American George Chadwick is up this week with his second symphony. This extremely engaging romantic work was first performed in its entirety in 1886 with Chadwick conducting the Boston Symphony. Although there is nothing remotely American about the work, Chadwick certainly established himself as the pre-eminent American composer with this work which was a great achievement for an American composer at the time. There are at least four recordings of the work and although the Jarvi and Detroit is certainly a standout, the Albany Symphony Orchestra recording under Julius Hegyi is quite good.


----------



## Haydn man (Jan 25, 2014)

I will go with the above mentioned version vis Spotify 
Looking forward to something new as I am unfamiliar with the work of Chadwick


----------



## Rogerx (Apr 27, 2018)

View attachment 159118


George Chadwick: Symphonies

Detroit Symphony Orchestra, Neeme Järvi

I am going to spin this one later .


----------



## Mika (Jul 24, 2009)

Rogerx said:


> View attachment 159118
> 
> 
> George Chadwick: Symphonies
> ...


My spin also………….


----------



## Art Rock (Nov 28, 2009)

Same version as the two above, but different CD (in my collection for about 30 years already):


----------



## Malx (Jun 18, 2017)

I'll dig out my Naxos recording over the weekend. One I haven't played for a number of years.

*ETA,*
I had a spare hour before heading off to Edinburgh for the day so managed to give the symphony a spin.
My summation is - a symphony that is enjoyable enough but not particularly distinctive. 
Perhaps tellingly the notes that come with the Naxos recording continually use phrases such as 'the mood is reminiscent of the finale of Schumann's Spring Symphony' - the references to Schubert, Schumann and Mendelssohn confirm my thought that there is nothing different to hear here but having made that observation if I hadn't heard any of the aforementioned composers I would regard the work as perfectly fine - unfortunately I had!


----------



## CnC Bartok (Jun 5, 2017)

I've got the Naxos recording, and gave that a spin.

A very enjoyable work, although very derivative Mendelssohn-y at the same time.
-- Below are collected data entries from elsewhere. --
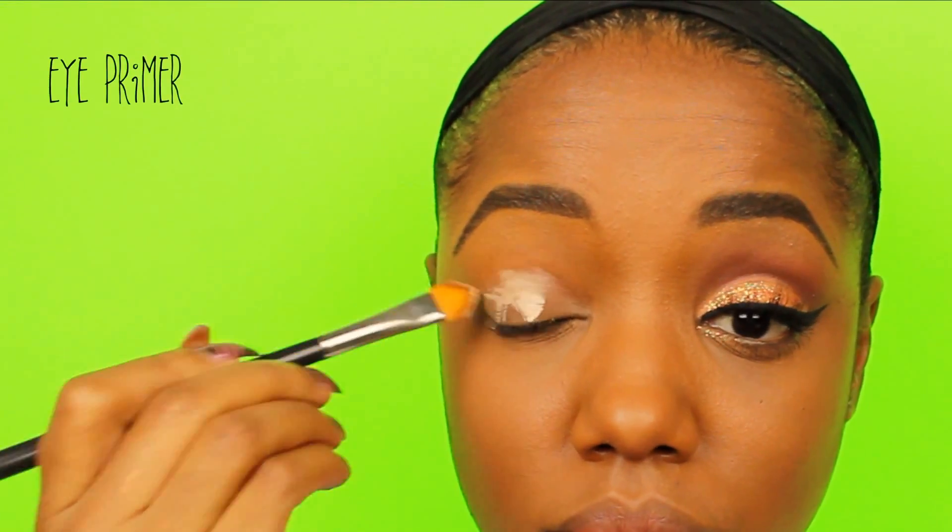I'm starting off with the eye primer. I don't remember which one I used — I think it was either Motives, Urban Decay, or Lime Crime. I'm just blending it in with my finger into my crease area.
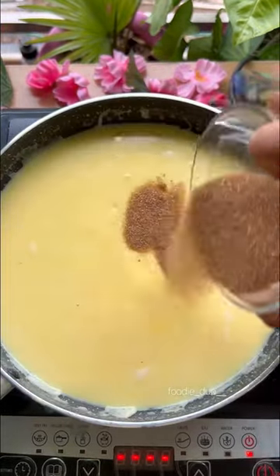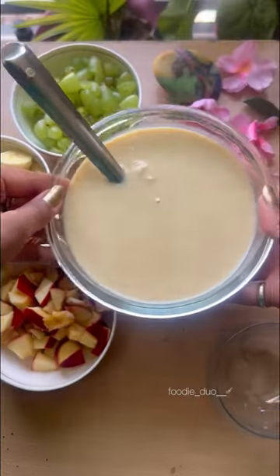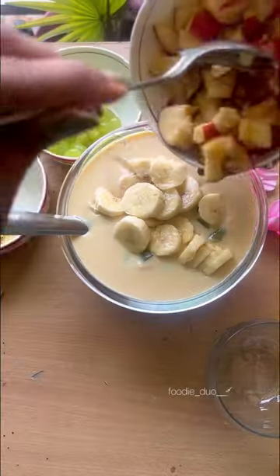I cooked it a little for 5 minutes. I have added brown sugar and white sugar. After this we will add our favorite fruits which you like, and keep it cold.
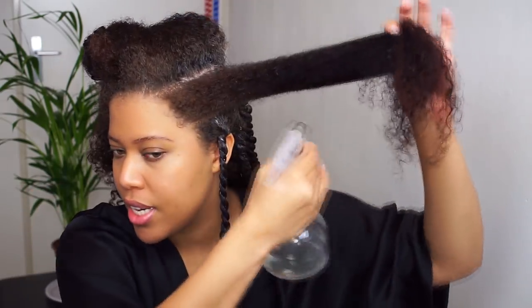So now we have 5 twists on the left side and also 5 twists on the right side. I'm going to spritz the hair with water because my hair is getting pretty dry — my hair always dries quickly, so I need this in my life. You see this? Need to cut this off.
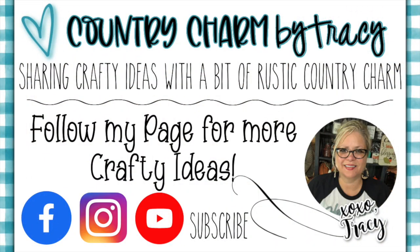Alright guys, thanks so much for watching. Check out my page or my YouTube channel for other wreath ideas. Y'all have a great day and God bless.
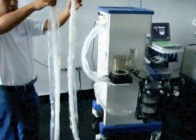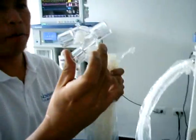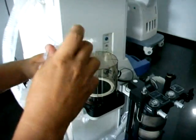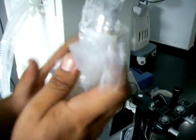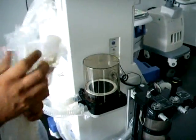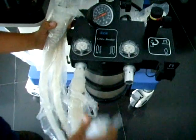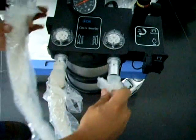Para realizar la instalación del circuito del paciente debemos tomar las dos mangueras corrugadas largas restantes. Estas deben ser conectadas en uno de sus extremos al acople en G, cada una en cada terminal del acople. Las dos terminales restantes son conectadas al canister, cada una en una terminal nombrada: una terminal espiratoria y la otra en la terminal inspiratoria.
I heard a bit less Schumann than Malx.

I didn't expect Earth-shattering, to be honest, so for what it is, it's a good piece of music. 

Solid choice of SS!


----------



## mbhaub (Dec 2, 2016)

Good choice! Haven't listened to this is a long time: Jarvi for me. 
As a side: will we ever have a chance to hear the First Symphony? Never recorded, not published. The score is on line and I'd like to think there's some enterprising orchestra/conductor who could resurrect it.


----------



## Animal the Drummer (Nov 14, 2015)

Art Rock said:


> Same version as the two above, but different CD (in my collection for about 30 years already):


Same here. I especially enjoy the Symphonic Sketches - IMHO "Noel" in particular is a real gem.


----------